Repeat the stretch of entries below from the line with "Праздничный набор Пони" through the line with "Emporio Armani Elegant". Include both ends and add nothing.
::::::
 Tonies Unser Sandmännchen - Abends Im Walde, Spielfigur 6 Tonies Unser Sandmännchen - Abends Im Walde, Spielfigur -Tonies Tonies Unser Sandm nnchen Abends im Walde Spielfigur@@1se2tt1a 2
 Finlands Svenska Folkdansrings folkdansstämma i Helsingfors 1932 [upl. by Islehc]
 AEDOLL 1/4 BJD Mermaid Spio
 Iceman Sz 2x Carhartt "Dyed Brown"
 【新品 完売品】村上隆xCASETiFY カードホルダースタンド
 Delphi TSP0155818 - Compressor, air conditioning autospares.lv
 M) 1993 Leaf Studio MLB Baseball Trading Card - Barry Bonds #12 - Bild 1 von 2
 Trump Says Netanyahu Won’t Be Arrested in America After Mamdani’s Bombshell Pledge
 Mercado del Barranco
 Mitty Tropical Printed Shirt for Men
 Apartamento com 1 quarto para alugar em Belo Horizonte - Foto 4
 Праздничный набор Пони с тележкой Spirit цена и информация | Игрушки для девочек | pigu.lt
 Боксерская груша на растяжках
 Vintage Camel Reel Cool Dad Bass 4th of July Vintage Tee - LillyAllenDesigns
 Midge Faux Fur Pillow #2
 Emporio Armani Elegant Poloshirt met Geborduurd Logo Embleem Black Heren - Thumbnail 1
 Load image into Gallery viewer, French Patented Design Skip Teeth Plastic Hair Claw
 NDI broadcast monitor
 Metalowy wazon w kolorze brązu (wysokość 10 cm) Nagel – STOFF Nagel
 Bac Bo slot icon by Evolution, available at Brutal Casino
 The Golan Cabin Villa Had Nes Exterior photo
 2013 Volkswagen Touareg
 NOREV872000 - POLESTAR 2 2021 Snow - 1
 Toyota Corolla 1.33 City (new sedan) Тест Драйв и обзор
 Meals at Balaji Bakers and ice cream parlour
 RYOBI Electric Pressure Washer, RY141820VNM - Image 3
::::::
**TASK OUTPUT**
 Праздничный набор Пони с тележкой Spirit цена и информация | Игрушки для девочек | pigu.lt
 Боксерская груша на растяжках
 Vintage Camel Reel Cool Dad Bass 4th of July Vintage Tee - LillyAllenDesigns
 Midge Faux Fur Pillow #2
 Emporio Armani Elegant Poloshirt met Geborduurd Logo Embleem Black Heren - Thumbnail 1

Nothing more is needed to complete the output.